• [What is required]: The lines from the one containing "Guide des tailles" through the last line below, both ends included, must be reproduced exactly, with no pictures.

• [Exercise data]:
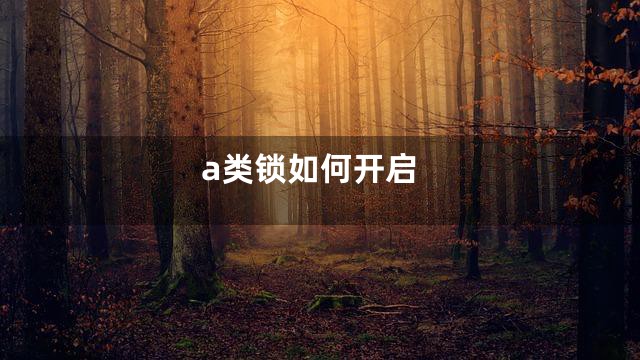 a类锁如何开启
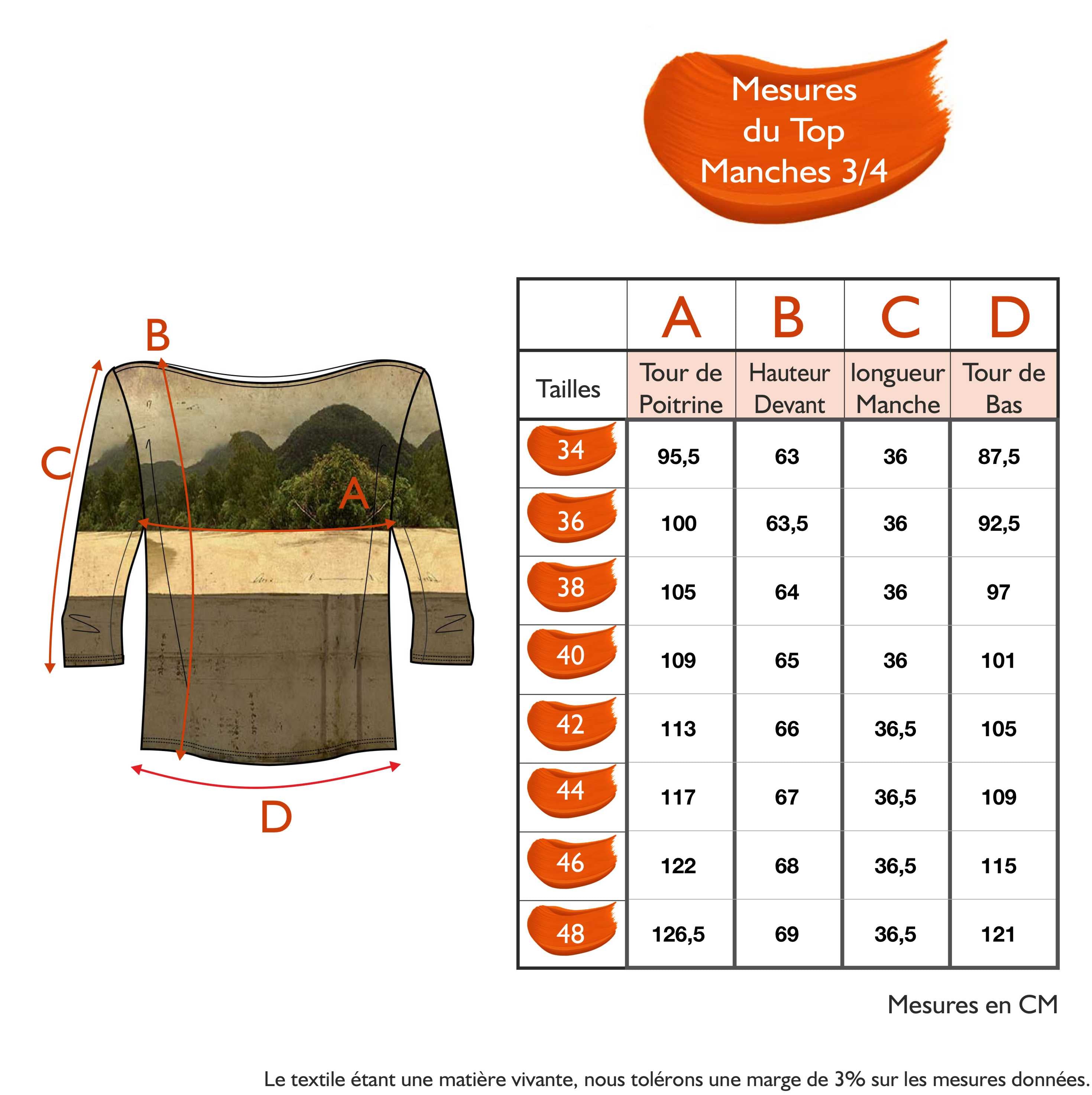 Guide des tailles - LE TOP MANCHES 3/4 | SAFARI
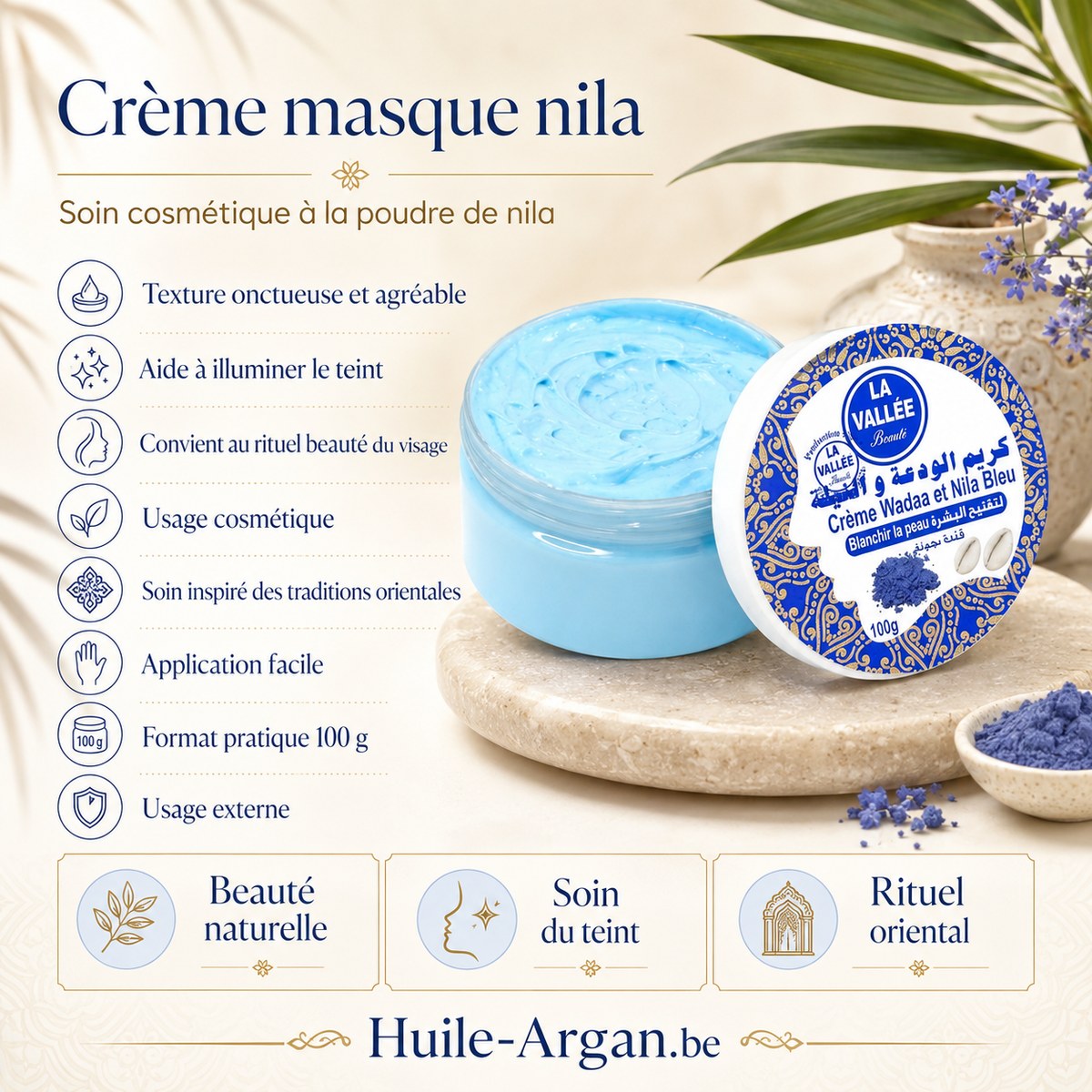 Crème Wadaa & Nila Bleu 100 g Soin Unifiant pour le Teint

• [Completed exercise]:
 Guide des tailles - LE TOP MANCHES 3/4 | SAFARI
 Crème Wadaa & Nila Bleu 100 g Soin Unifiant pour le Teint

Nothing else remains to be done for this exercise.